The Indian government claimed this decision was made over security concerns and apparently had nothing to do with the 20 Indian soldiers martyred in the Galwan Valley clash over the disputed Himalayan region of Ladakh. Citizens claimed the Chinese incursion was like Schrodinger’s cat because of the inconsistency of statements coming from the government officials and the dead bodies of young men that were telling a different story.
Time and again Chinese apps have come under scrutiny for spying or sneaking in user’s devices in more ways than needed. Zack Doffman, a cybersecurity expert at Forbes, said this move by the Indian government had nothing to do with TikTok and everything to do with the Chinese clash.
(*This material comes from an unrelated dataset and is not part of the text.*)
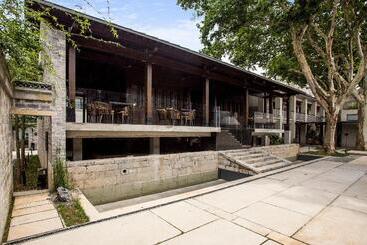 هتل Blossom House Nanjing Laomendong Zhuque Lane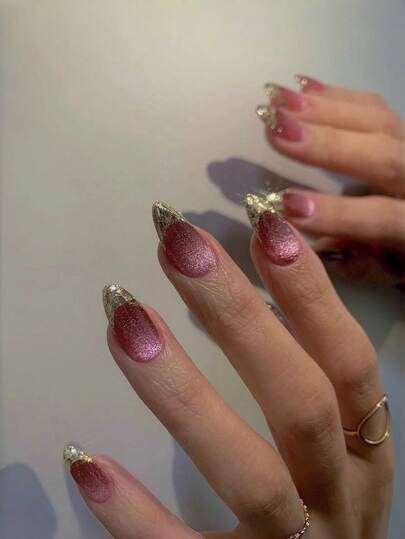 24片装中号杏仁形美甲贴纸套装 - 优雅法式尖头猫眼假指甲，金色线条点缀，简约Y2K风格亮面，春夏流行款，可重复使用，含胶贴和指甲锉，适合女性日常佩戴和派对，沙龙品质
Citizens echo this statement.
“Banning these apps is just a gimmick only to please right-wing extremists and pacify people who can’t differentiate between jingoism and patriotism,” said Meghna Athwani, a Ph.D. scholar at Lucknow University and a research associate at Lucknow’s Policy Think Tank, pointing at the populist politics of the ruling BJP. “It has been seen that this government never comes up with real-world hard-hitting solutions. They focus on distractions.”
Leher Sethi, a TEDx Speaker, social activist, and advisor to the Delhi Literature Festival, agrees. “I feel that the ban was a very sudden and ill-managed one. In keeping with most of this government’s other decisions, it was unplanned, and hastily executed,” she tells Observer. Sethi criticized the government for making random decisions without planning or execution such as what she calls a “demonetization disaster,” which robbed many people of their livings. “Japan, for example, earmarked $2.2 billion to help its manufacturers shift production out of China.”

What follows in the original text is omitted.